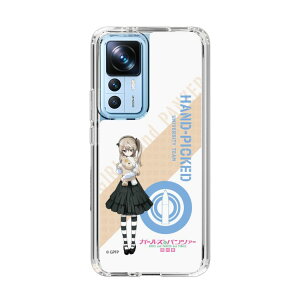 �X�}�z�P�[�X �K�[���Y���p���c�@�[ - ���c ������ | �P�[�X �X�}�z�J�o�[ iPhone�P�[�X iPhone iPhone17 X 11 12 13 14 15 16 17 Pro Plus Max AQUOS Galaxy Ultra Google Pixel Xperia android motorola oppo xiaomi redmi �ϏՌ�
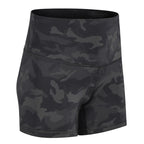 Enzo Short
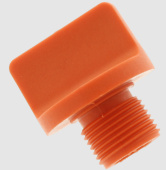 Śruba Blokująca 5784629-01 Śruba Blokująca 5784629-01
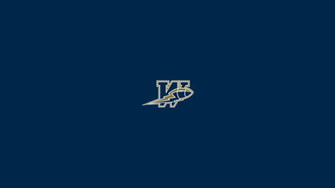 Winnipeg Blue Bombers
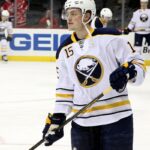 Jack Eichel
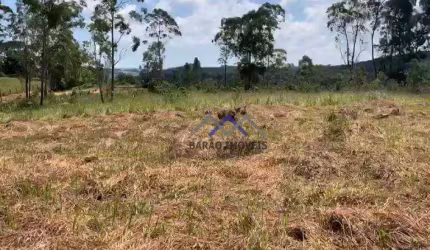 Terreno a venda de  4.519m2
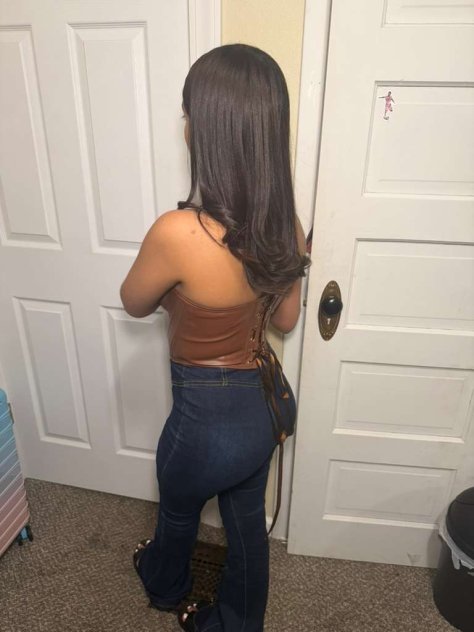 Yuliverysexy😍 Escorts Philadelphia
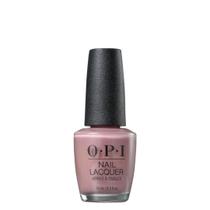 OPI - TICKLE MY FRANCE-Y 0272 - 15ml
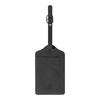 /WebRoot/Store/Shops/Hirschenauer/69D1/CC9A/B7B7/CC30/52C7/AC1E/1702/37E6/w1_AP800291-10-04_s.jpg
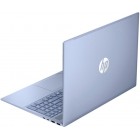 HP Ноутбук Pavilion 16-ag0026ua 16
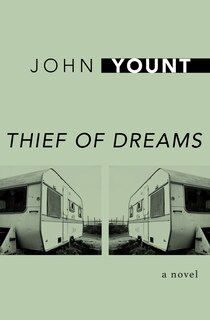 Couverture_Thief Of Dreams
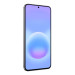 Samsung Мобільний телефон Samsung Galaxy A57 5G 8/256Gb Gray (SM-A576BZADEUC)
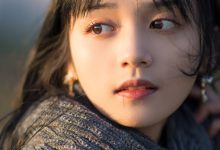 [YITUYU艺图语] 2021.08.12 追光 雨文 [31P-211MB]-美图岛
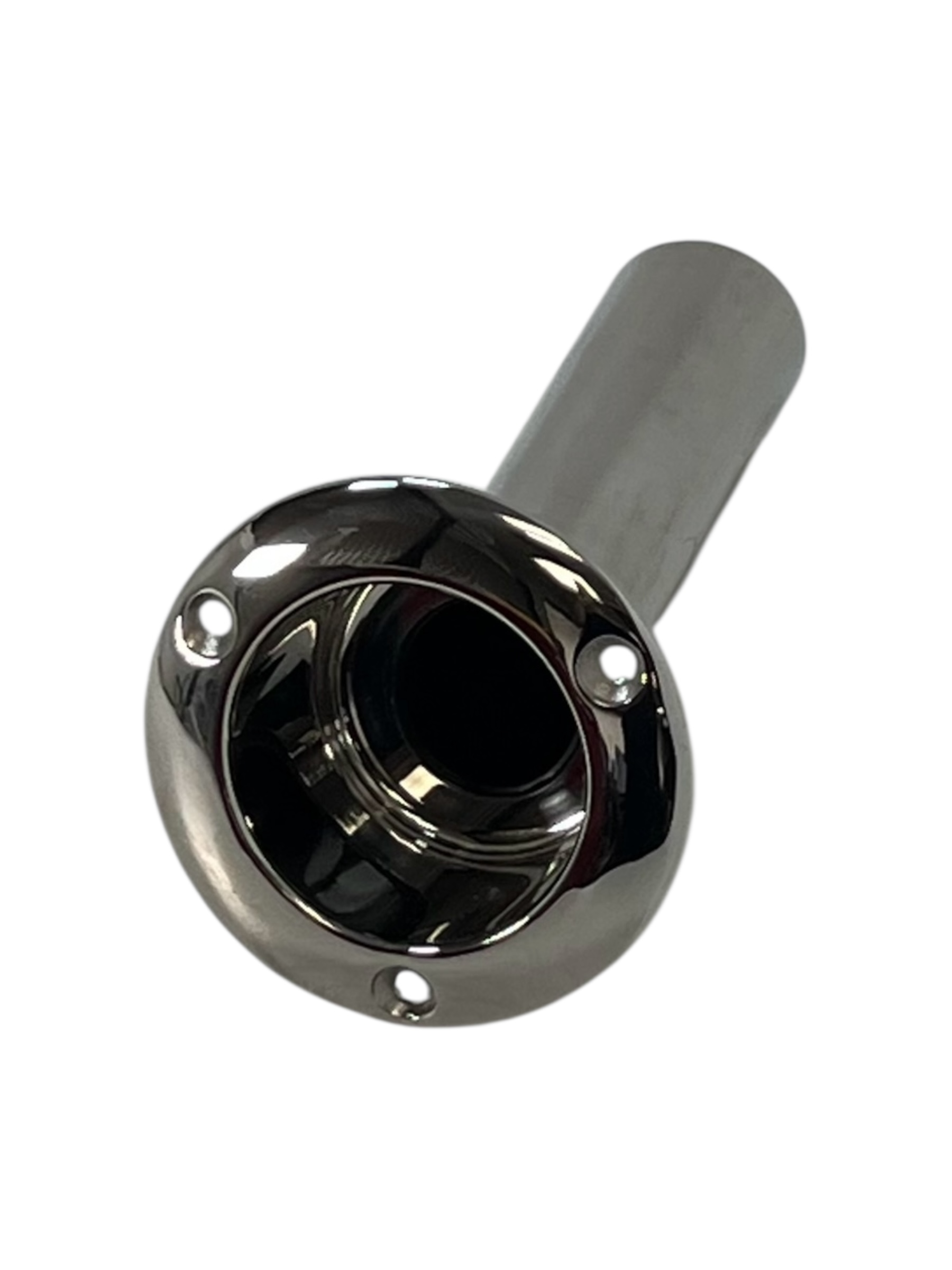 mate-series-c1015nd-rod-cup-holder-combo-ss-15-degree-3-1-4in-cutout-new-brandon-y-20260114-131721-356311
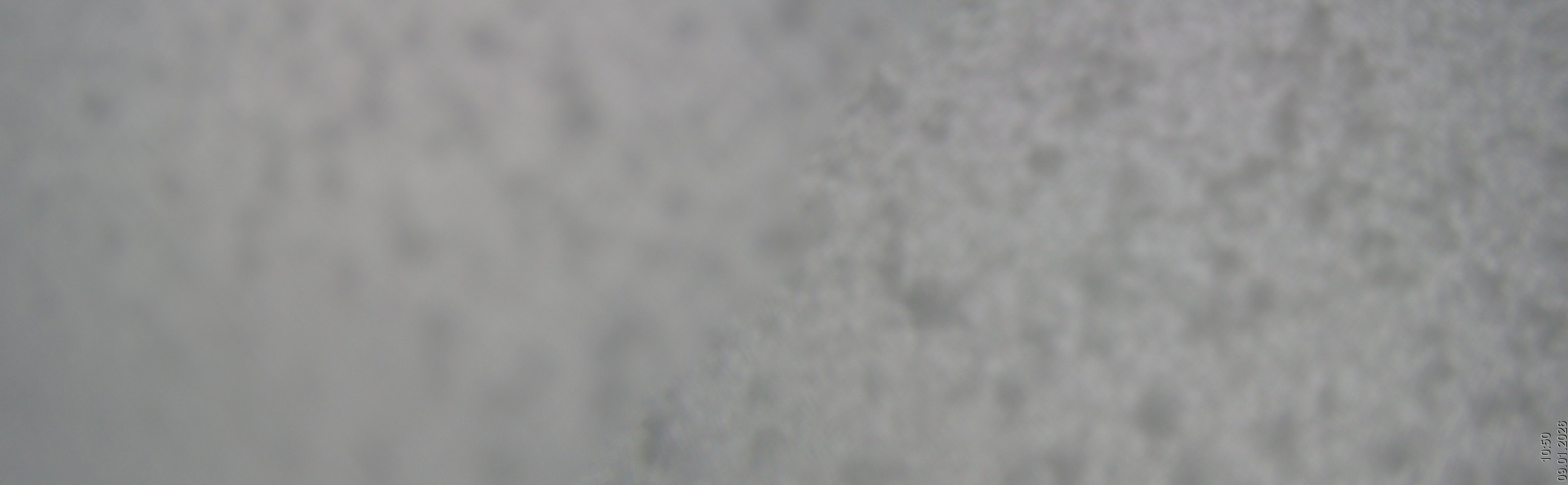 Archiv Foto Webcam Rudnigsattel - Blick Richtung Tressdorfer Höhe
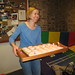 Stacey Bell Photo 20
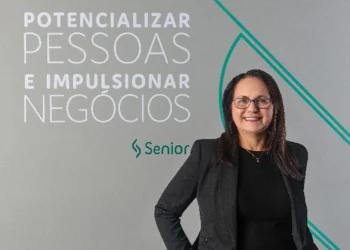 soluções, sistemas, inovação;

━━━━

* [Problem requirements] Starting with the line that contains "Stacey Bell Photo 20", repeat each line exactly until the listing ends, including the last one. Leave pictures out.

* [Exercise output]
 Stacey Bell Photo 20
 soluções, sistemas, inovação;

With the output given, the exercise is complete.